Eventually we got on our hands and knees and later plank position. This is where balancing on the board became tricky. Mind you, during this whole class, no one wants to be the person that falls off their board. It’s not a big deal when it does happen, but it’s just that no one wants it happen to them. Being that I wore workout clothes (versus a bathing suit) I was determined not to fall in.

While trying to control and steady my balance with one knee and the opposite hand on the board (bird dog plank), I started to sweat. Controlling your balance is hard enough on the ground, but on a paddle board, it’s much more challenging! I managed to do that pose, along with others, always trying to steady my shifting balance. I’m happy to say I tried all of the poses (even crow) except wheel (or backbend) because I was already fatigued and wasn’t sure I could stay on the board. I wimped out with a variation of wheel with my head and shoulders on the ground (bridge pose). My friend, however, was a bad ass and rocked the pose.

SUP Yoga
My friend masters the wheel on the SUP.

Overall, I found SUP yoga about as hard as I imagined it would be. Yoga itself can be difficult, combining strength with flexibility, stabilization, and concentration. Balancing on one foot can be hard, depending on the pose. Trying to perform the same moves on a paddle board, while in water, adds an even more challenging balance dynamic. The obvious exceptions are the poses lying down.  When lying down on your back, the poses (at least to me) are the same level of difficulty. What makes these poses unique is that they are very relaxing, with gentle waves rocking you. During corpse pose, I almost fell asleep!

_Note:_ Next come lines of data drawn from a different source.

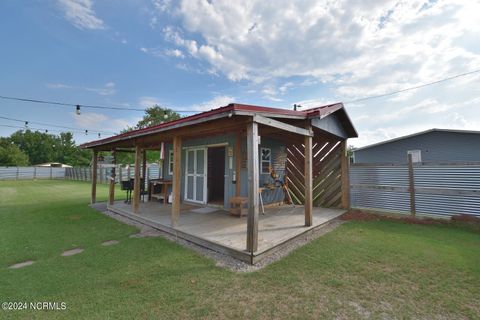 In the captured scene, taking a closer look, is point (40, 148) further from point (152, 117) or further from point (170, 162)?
point (170, 162)

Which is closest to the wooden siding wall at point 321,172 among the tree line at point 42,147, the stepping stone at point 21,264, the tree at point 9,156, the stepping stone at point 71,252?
the stepping stone at point 71,252

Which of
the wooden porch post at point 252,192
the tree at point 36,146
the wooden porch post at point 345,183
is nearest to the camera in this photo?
the wooden porch post at point 252,192

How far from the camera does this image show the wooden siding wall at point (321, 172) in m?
6.66

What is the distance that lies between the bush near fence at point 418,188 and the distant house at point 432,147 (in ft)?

I also found it interesting that the wiggle that occurred on the paddle board was helpful with some poses and made things harder for others. Some poses that are a bit more challenging for me at home seemed to be easier, like chaturanga (I have a terrible left shoulder). Balance poses were obviously much difficult. The key is getting used to the fact that the board is going to wobble and move. This is definitely an awesome class for building foot, ankle, leg, and hip strength and stability.SUP Yoga

If you’re an intermediate yoga enthusiast and have stand up paddle boarding nearby, I recommend you give combining them a try! What’s the worst that could happen? You’d fall in. Fortunately for me, I never fell in, but I got close a few times. But if I took the SUP yoga class again, it’s bound to happen.  And it’s ok! It’s all just part of the practice.

Have you ever taken an SUP yoga class? Let me know in the comments!

Happy Travels!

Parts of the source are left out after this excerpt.